Blame my parents for that. Their inconvenient morality. Their meddlesome supervision and irksome need to know exactly where we were and what we were doing. Why couldn’t I have had parents like the kid up the street, whose folks barely noticed if he drove the car to town, despite the fact that, at age 10, he couldn’t even see under the steering wheel, which was the preferred driving method his grandmother employed.
    There are two kinds of people in this world: the “caught” and the “uncaught.”No matter what I did, no matter how carefully I schemed and brilliantly executed my crimes, no matter what cover stories of perfection I meticulously concocted to maintain the facade of my innocence, I invariably wound up in the ranks of the caught.
    The result is, I am a law-abiding citizen. It’s easier.
    But it took some pretty serious, both-hands-on-a-hot-stove kind of lessons.
    The most important thing I learned was that I’m not the brilliant master criminal I thought I was.
    For example, once upon a time, three neighborhood kids decide it would be great sport to destroy a recently built brick foundation of a new home going up across the street. Itís a bad thing to do, but they decide they can get away with it if theyíre careful.

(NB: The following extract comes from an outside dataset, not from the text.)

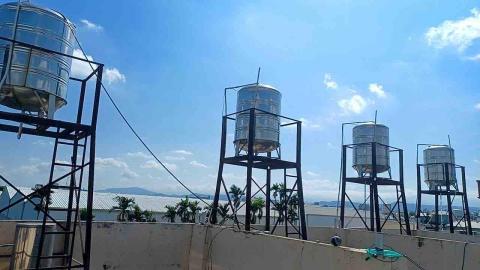 包你洗到府除塵蟎｜清洗冷氣 - 上山下海～清洗水塔有多冒險啊！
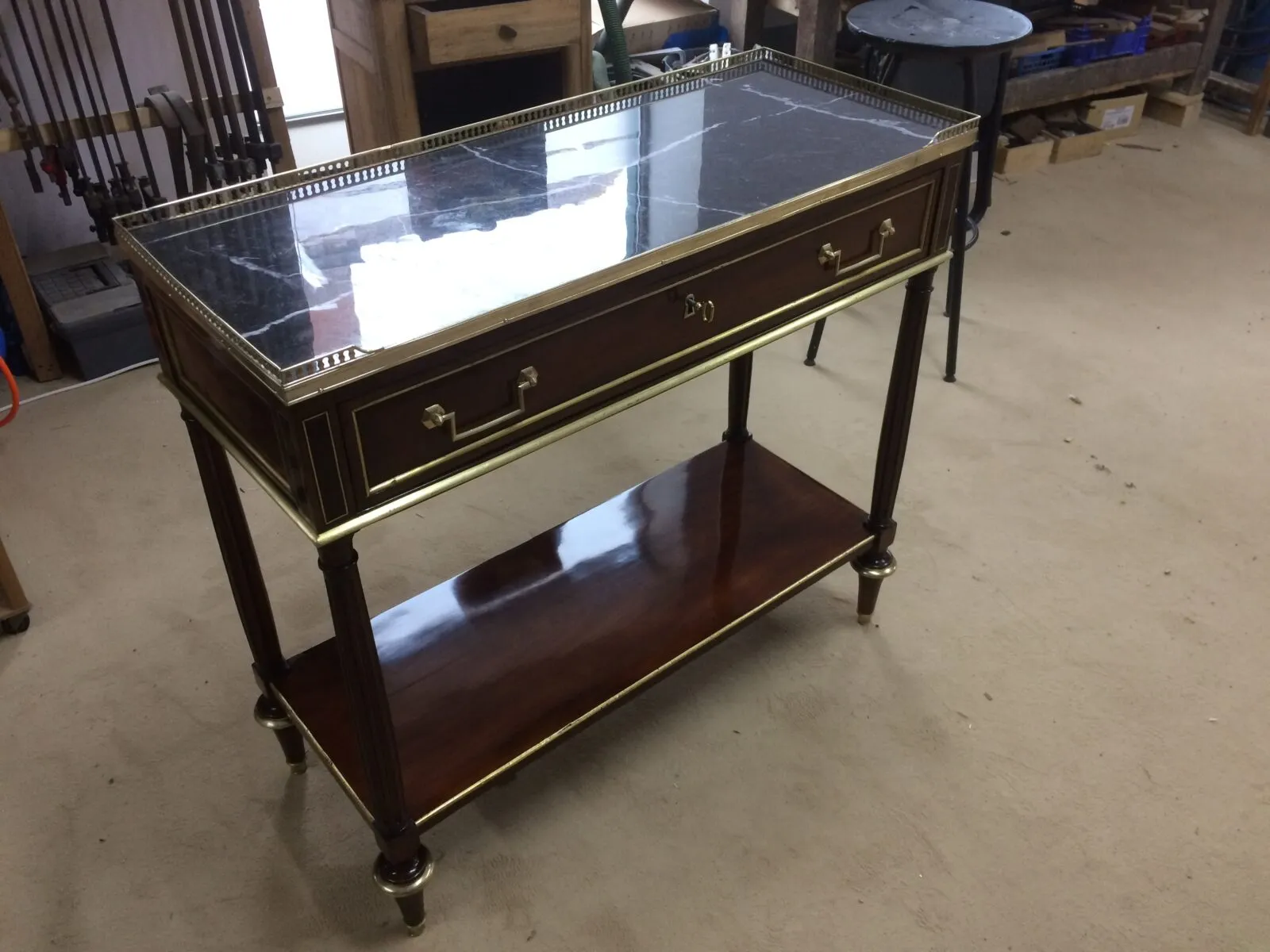 Console Louis XVI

    Unfortunately, one of them leaves a smoking gun at the scene of the crime.
    Or to be more specific, a bright yellow bicycle. Two kids realize the bike is missing, go back looking for it, ask one of the owners, who has arrived on the scene, if she has seen it.
    She turns the question around. “I might know where it is. Do you boys know who might have done the damage here?”

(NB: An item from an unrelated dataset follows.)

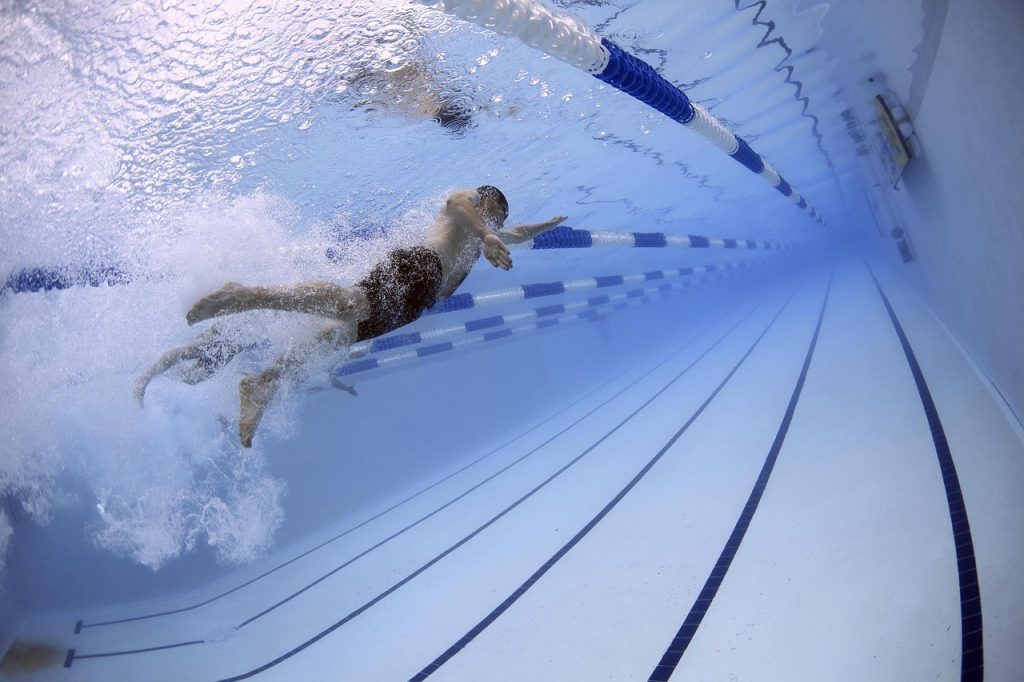 clases de natación para principiantes adulto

    Looking up at her with big, luminous brown eyes, I reply, “Why no. But it certainly wasn’t us. We’re just looking for a bike.”

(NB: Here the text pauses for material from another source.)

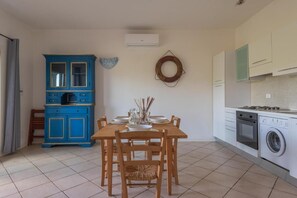 Fridge, oven, stovetop, cookware/dishes/utensils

    Tiger Lady then flexes her claws.
    “Well, you’ll see it soon enough. The sheriff has that bike, and he’s on his way here right now. BUWAHAHAHAHAHAHAHAHAHAHAHAHA!!!!”
    Blast! Trapped like rodents! Don’t panic; don’t break; give up nothing; say nothing; what’s my fake name…
    The truth was soon easily extracted from us, first by the cop at the scene, who told us in no uncertain terms that we could count on spending our summer vacation breaking rocks in reform school.
    This little incident would cost me. In fact, I did hard time on the rock — I was restricted for about a month doing nothing but yard work every day to earn money to pay for my part of the damages.
    Then there was the time, not too long after I was sprung from that first sentence, when one of my juvenile delinquent friends and I decided to try cigarettes. I was probably 10. Way too young to buy smokes, I resorted to two artifices. The first required a smooth ability to look adorable and lie like the shag rug in our family room. I bought a pack at one place, telling the person who sold them to me that “these are for my mother.”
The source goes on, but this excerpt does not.